Franklin Institute officials are boosting their attendance forecast for the King Tut show halfway through its run at the science museum.

Franklin Institute officials are boosting their attendance forecast for the King Tut show halfway through its run at the science museum.

The number of visitors now expected to see Tut before it packs up Sept. 30 is 1,140,000, up slightly from the initial forecast of a million.

That would make Tut the most popular show to be hosted by the Franklin Institute, and would make Philadelphia the highest-drawing venue of the show's four U.S. stops (though the Philadelphia run, at nearly eight months, is also the longest on the tour, which also included Chicago, Los Angeles and Fort Lauderdale).

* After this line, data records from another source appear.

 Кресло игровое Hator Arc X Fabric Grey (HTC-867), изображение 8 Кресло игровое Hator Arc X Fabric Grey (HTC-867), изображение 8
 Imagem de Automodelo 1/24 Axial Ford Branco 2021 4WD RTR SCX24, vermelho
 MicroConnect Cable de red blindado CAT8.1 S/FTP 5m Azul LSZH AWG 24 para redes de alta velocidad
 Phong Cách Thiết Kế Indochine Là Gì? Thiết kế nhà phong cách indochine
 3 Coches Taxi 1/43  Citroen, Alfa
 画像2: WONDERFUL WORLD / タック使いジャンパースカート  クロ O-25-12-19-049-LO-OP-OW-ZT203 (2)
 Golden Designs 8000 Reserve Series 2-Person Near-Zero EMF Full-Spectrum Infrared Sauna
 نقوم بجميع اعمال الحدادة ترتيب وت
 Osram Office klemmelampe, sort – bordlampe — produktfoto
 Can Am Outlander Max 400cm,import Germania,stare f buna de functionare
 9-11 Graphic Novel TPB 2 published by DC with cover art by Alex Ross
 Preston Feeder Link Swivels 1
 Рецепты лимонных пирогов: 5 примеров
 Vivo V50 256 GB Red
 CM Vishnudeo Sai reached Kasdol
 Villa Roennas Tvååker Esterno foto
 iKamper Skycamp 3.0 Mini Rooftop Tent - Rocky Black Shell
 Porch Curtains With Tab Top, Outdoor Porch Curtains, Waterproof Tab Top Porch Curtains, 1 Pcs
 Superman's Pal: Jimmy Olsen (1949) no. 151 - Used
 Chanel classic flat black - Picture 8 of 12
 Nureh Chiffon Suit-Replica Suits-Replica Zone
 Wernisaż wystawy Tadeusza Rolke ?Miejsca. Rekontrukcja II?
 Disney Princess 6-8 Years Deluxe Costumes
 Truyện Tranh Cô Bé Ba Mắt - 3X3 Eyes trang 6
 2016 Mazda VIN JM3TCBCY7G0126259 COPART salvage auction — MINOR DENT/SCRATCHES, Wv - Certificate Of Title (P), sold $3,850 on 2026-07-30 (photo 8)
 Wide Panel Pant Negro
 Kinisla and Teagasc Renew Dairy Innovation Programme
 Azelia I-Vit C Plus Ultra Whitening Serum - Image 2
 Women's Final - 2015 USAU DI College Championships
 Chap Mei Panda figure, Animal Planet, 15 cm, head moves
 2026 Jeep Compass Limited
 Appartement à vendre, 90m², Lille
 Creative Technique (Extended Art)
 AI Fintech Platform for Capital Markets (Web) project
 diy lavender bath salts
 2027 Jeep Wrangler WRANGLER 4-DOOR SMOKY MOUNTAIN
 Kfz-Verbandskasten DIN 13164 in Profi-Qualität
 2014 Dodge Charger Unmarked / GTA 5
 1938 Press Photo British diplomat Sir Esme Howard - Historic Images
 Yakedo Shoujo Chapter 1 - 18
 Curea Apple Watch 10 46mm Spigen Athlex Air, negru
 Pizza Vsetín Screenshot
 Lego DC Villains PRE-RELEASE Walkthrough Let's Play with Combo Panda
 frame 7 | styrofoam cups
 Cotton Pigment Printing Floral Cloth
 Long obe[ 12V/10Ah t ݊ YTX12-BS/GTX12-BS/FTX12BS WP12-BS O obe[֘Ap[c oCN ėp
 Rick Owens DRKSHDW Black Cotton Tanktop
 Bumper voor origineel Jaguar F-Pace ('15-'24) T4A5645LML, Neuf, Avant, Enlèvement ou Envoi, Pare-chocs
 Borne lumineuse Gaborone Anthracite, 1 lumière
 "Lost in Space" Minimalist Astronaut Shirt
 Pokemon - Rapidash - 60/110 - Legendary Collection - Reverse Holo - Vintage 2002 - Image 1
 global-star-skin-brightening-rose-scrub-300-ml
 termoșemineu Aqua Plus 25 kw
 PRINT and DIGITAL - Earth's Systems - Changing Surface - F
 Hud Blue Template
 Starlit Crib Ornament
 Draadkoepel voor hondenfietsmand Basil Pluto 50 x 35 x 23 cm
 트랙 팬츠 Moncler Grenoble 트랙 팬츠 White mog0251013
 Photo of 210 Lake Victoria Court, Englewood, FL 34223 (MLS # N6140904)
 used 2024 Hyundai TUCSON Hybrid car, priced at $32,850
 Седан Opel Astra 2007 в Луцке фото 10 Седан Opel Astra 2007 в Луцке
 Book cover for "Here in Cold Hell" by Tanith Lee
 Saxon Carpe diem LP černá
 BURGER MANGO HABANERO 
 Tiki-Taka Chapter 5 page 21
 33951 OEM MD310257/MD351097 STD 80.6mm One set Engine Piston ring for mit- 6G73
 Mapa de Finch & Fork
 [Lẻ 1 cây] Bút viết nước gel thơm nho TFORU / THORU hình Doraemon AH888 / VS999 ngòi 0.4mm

As of yesterday, 640,000 had come to the Franklin Institute to view the collection of 130 artifacts from the tombs of the boy king and his predecessors.

School groups accounted for nearly a quarter of visitors - 152,592 - a segment that drops off in summer. Still, Franklin officials expect a large tourist, summer-camp and group adult business over the summer.

And in September, which is normally a slow month for the museum, school groups are expected to give the show a last-minute push.

"We're already seeing some school groups book for September that normally wouldn't come in September," said Karen Corbin, the Franklin's vice president for marketing.

Philadelphia's science museum has increasingly relied on traveling shows - some of which are only tangentially related to science - to drive attendance.

Next up is "Star Wars: Where Science Meets Imagination," organized by the Museum of Science in Boston with Lucasfilm, which includes scale models and props from the films. It will run from February through April.

After that, from Memorial Day through Halloween, the museum will host "Real Pirates: The Untold Story of the Whydah From Slave Ship to Pirate Ship," produced by National Geographic, which also organized the Tut show.